8. La Muerte en las lenguas germánicas es masculina (Tod en alemán, Död en sueco, etc.). Quizá por eso la figura misma sea también un hombre, no una vieja flaca con capucha. En el caso de El séptimo sello, este señor lleva una bata negra y su rostro es una máscara blanca de mimo.Y es esa Muerte la que viene a llevarse al caballero Antonius al comenzar la historia: “¿Juega ajedrez?”, le pregunta el condenado con una sonrisa. “¿Cómo lo sabe?”, responde la Muerte. “He visto pinturas y he escuchado canciones?”, explica el caballero. “Soy un excelente jugador”, acepta el reto la Muerte.

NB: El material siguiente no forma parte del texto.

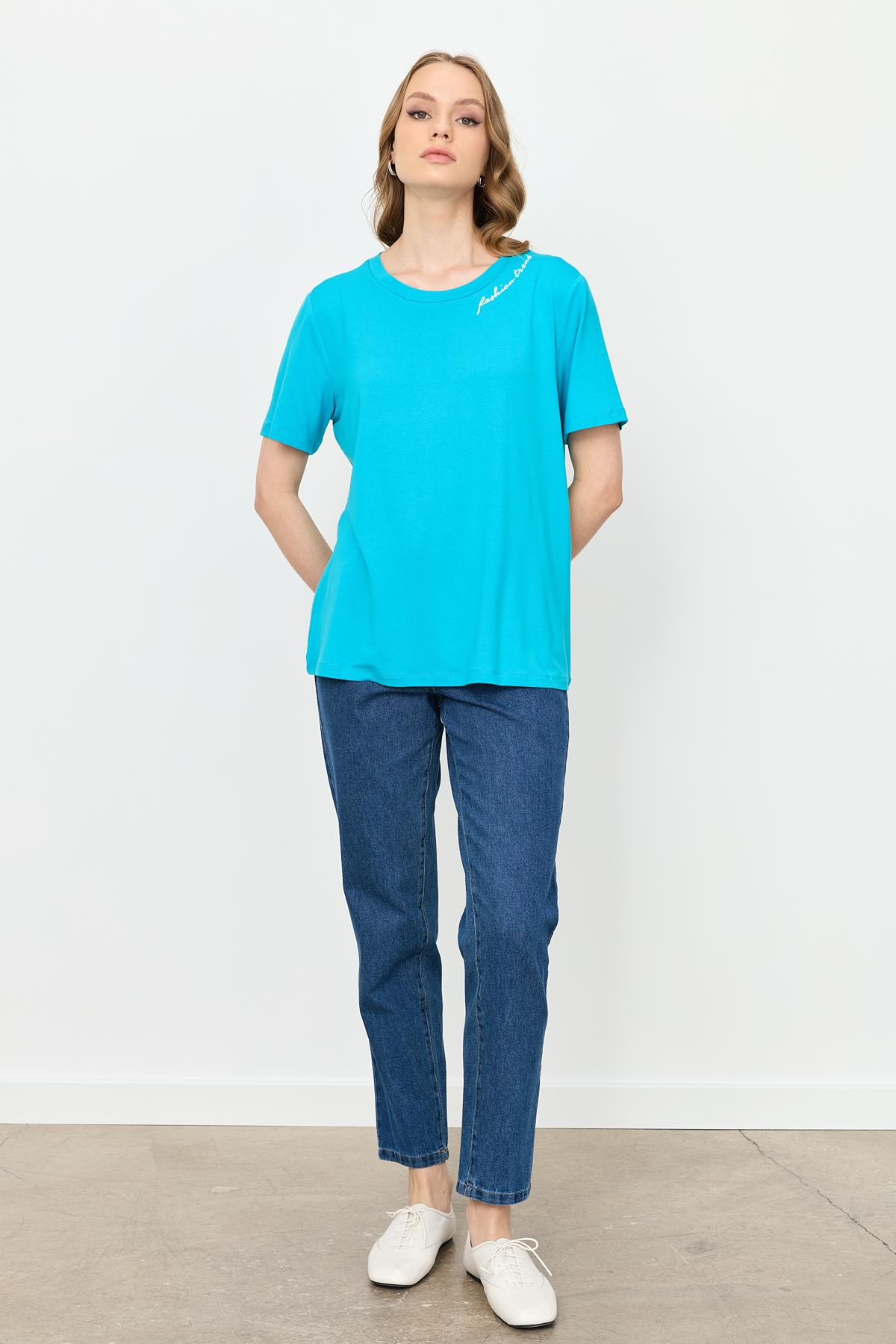 Yazı Detay Pamuklu Bluz-TURKUAZ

9. A partir de estas condiciones –la de la suspensión del destino mientras se juega una partida de ajedrez–, El séptimo sello es una road movie medieval que sigue los movimientos de los que retornan a casa –Antonius y Jöns–, de los que escapan de la peste –el juglar Jof y su esposa Mia– y de la Muerte que los persigue. Y aunque el paisaje sea hermoso y el clima perfecto, es claro que este no es el mejor momento y lugar para viajar: es un tiempo fuera de quicio, agobiado por las señales y los portentos, por los rumores sobre curas milagrosas y castigos merecidos. La gente está en otra cosa:  quemar niñas porque son brujas, organizar procesiones de penitentes que se azotan a sí mismos y aúllan, abandonar sus casas y sus pueblos, violar a las mujeres, robar a los muertos.

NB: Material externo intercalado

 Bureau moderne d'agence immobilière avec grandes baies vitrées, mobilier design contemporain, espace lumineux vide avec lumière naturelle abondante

10. El de esta película, como el nuestro, es un universo en el que la realidad se confunde con su representación. La Muerte, por ejemplo, es sobre todo su imagen, como si para que la podamos reconocer entre nosotros tuviera que cumplir el requisito de parecerse a nuestras figuraciones de ella. De hecho, la maldición de Antonius es que sólo puede ver lo que ve en el mundo, a diferencia del juglar Jof, visitado por las visiones de otro.  

11. Lo que solicita Antonius a la Muerte al principio es una prórroga: no tiene miedo a morir, dice, pero sí asuntos y preguntas pendientes. Y añade que está cansado, muy cansado (del mundo y de sí mismo). La película, a partir de aquí, retrata una transformación: la de cómo esa prórroga en busca certezas sobre lo que no vemos (¿hay algo más allá de esto que es tan imperfecto? ¿dios es solo silencio?, etc.), se convierte en una prórroga para cumplir un acto de solidaridad con aquellos que sí podemos ver y que están aquí, a mano.

12. “Siempre recordaré este día”, dice Antonius cuando conoce a Jof y Mía, luego de compartir con ellos un plato de frutillas silvestres y leche, sentado sobre el pasto. “Me bastará este recuerdo”, concluye. Acaso confirmando la potestad de las representaciones, puede que esa sea una gran “última comida”: un plato de frutillas y un litro de leche fría. Y un par de marraquetas frescas, sin manteca.